My one abiding memory was asking a girl in a Williams and Sonoma shop if she knew where some other store was. Understandable in a place of this size she had no idea. I then told her I thought it was in the North Sector. Did she have any idea which sector she was in? A blank stare. No idea, even though she worked there.
Having just emerged from eight days of checking my compass, watching the sun's position, ticking off way points, and wondering what the hell we would do if one or more canoes sank and we had to walk out, I realised just how far we have come as humans but how much we have forgotten as individuals in a cosseted world. The survival instinct is dulled by the banality of modern life.

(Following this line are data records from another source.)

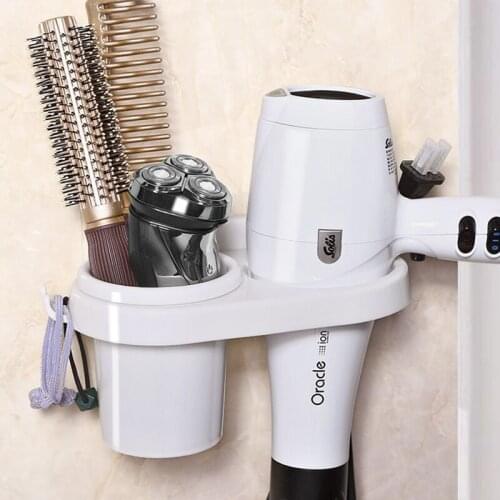 Wall Hair Dryer Storage Rack Hairdryer Holder Creative Suction Cup Hair Dryer Holder Comb Rack Stand Bathroom Shelves Supplies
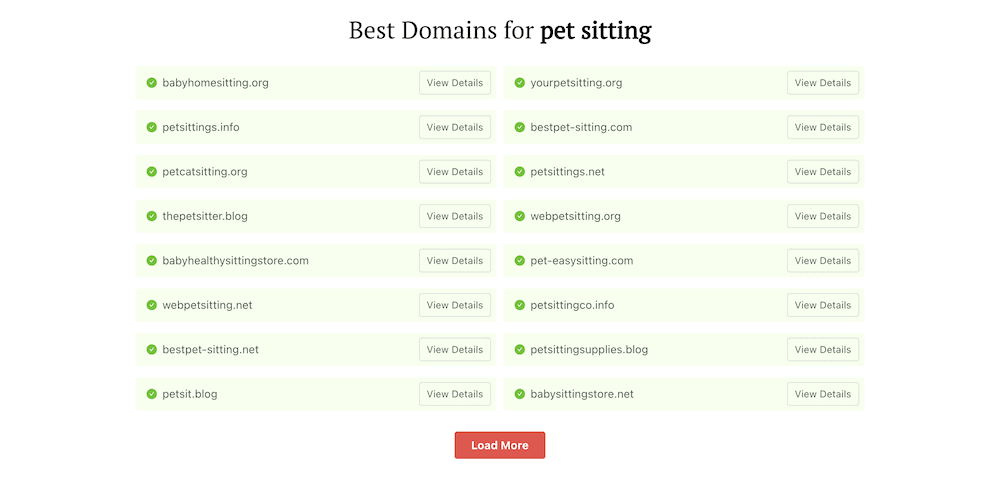 List of second level domain suggestions for "pet sitting".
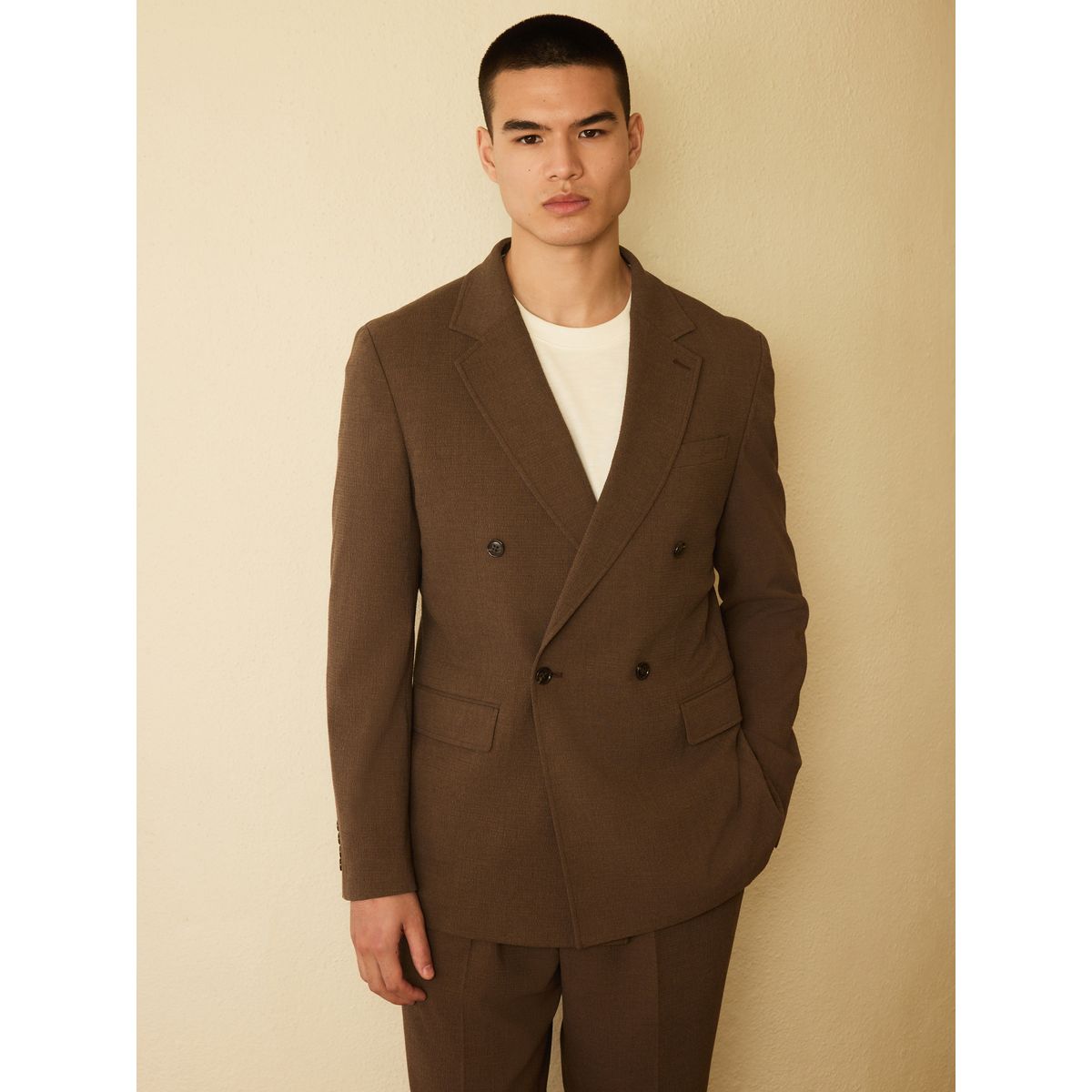 Veste de costume en seersucker texturé marron, NEXT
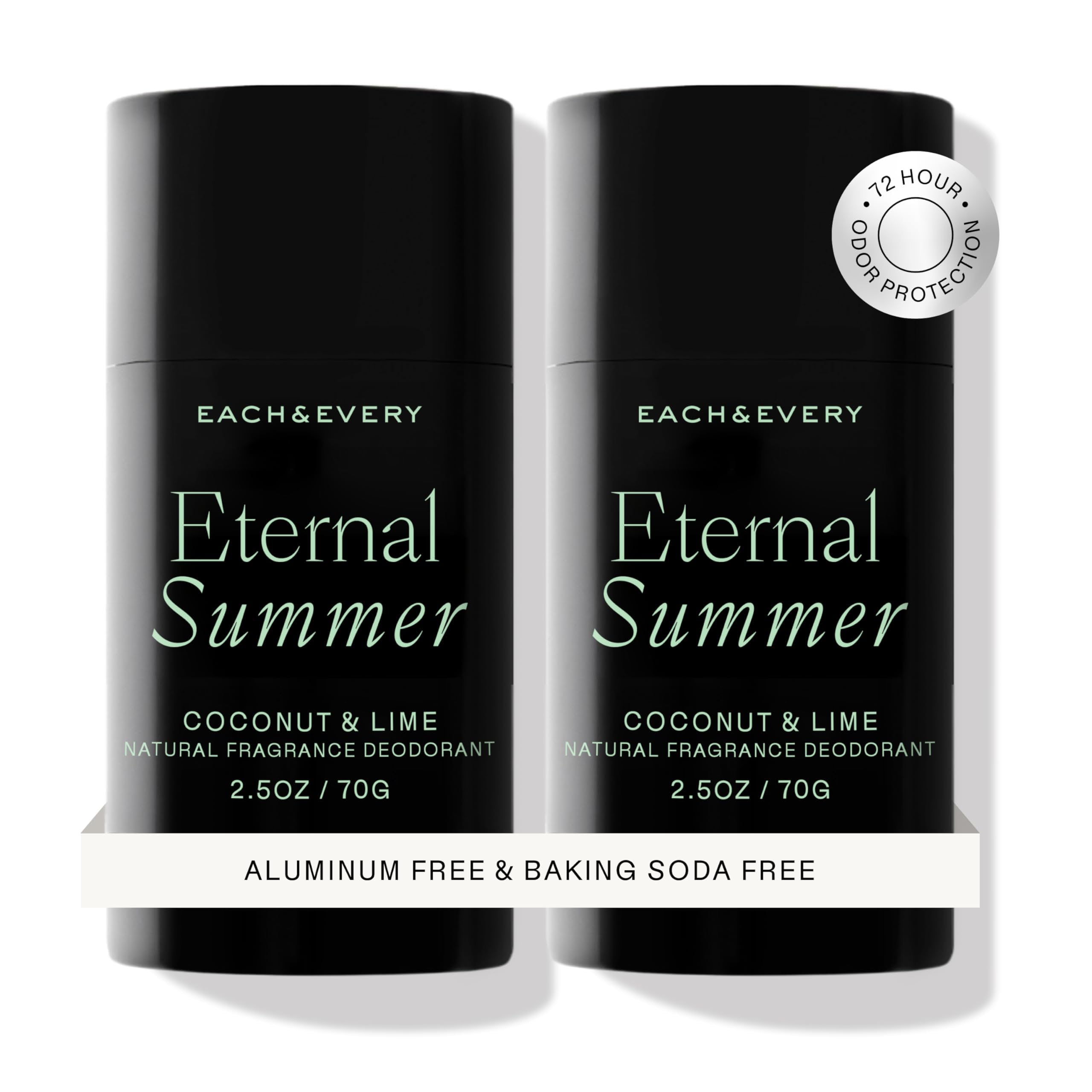 Each & Every aluminum-free coconut lime deodorant bottle front view for all-day freshness
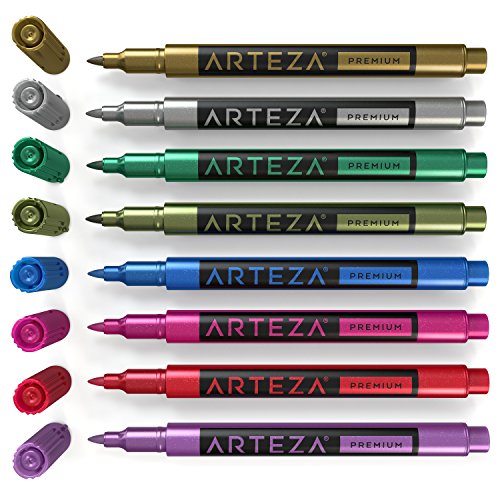ARTEZA Wine Glass Markers, Set of 8 Metallic Pens, Quick-Drying Erasable Markers for Wine Glasses, Glass Boards and Other Surfaces, For Decorating, ARTEZA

When I arrived in Gatwick a day and a night later, Christina and Toby both said I looked like a survivor. My beard was white (it got a big thumbs down from both) and I had lost about six pounds (I only weigh 169 to start with). Gone the spare tire (and good riddance).
In spite of my showers I smelled a bit, and the wet cotton (remember that!) in my dry bag was festering away.
But the welcome I received and the satisfaction mixed with relief of having made it in one albeit leaner piece made it all seem worthwhile.
The Mid Life Canoe Club indeed. Mission accomplished!
On This Mid Life Thing
There really is something to this mid life crisis thing. I have had plenty of time to reflect on it and I have decided I can best explain it by thinking of life as walking up a seesaw. When you are young, and up until your middle age, you can only climb. And since you only climb, you don't really think about the process. Of course sometimes you slip and fall, but because the gradient is steep you just pick yourself up and resume your daily steps onward and upward.
Suddenly though as you near the middle years which are like the fulcrum of the seesaw, one step forward makes you lose your balance and you can head abruptly downward. Relatively speaking, this very unstable period lasts a very short time, but it is unnerving, even terrifying. You more or less have to jettison everything you have learned and adapt to a new reality. Hopefully you inch your way forward and become comfortable with the inevitability of this new situation, the slow descent to the latter years of your life. Or else you fall, and hard.
Watching Dexter in action had given me a new perspective on this process.
I read a good quote which said that at twenty you don't care what the world thinks of you, at thirty you worry a lot about what the world thinks of you, and at forty you discover that it wasn't thinking of you at all.
It is this combination of instability and the realisation that you are alone in this crapshoot of life that may bring on a crisis from what is, when seen from afar, only the natural order of things. What goes up will always come down. Believe that, and accept it.
The Mid Life Canoe Club was, for me in any case, a watershed event. No one died. No one got hurt except for minor cuts, mosquito bites, and sore muscles. We saw a polar bear, shivered a little, had to improvise a bit and make a few decisions to avert what might have been ticklish situations.
We got along, had a bellyful of laughs, sang and reminisced, and did the obligatory bonehead move or two. We all came from different situations and backgrounds, and had differing skills and abilities, each with something unique to offer.
And though we didn't do anything earth shattering, didn't push ourselves to the limits of human endurance or break a world record, we did achieve something important both as individuals and as a team--something that will endure. For a few days in a northern wilderness, we made some memories and learned some lessons about life, about ourselves, and the world in which we live that will last us the remainder of our time on this remarkable planet.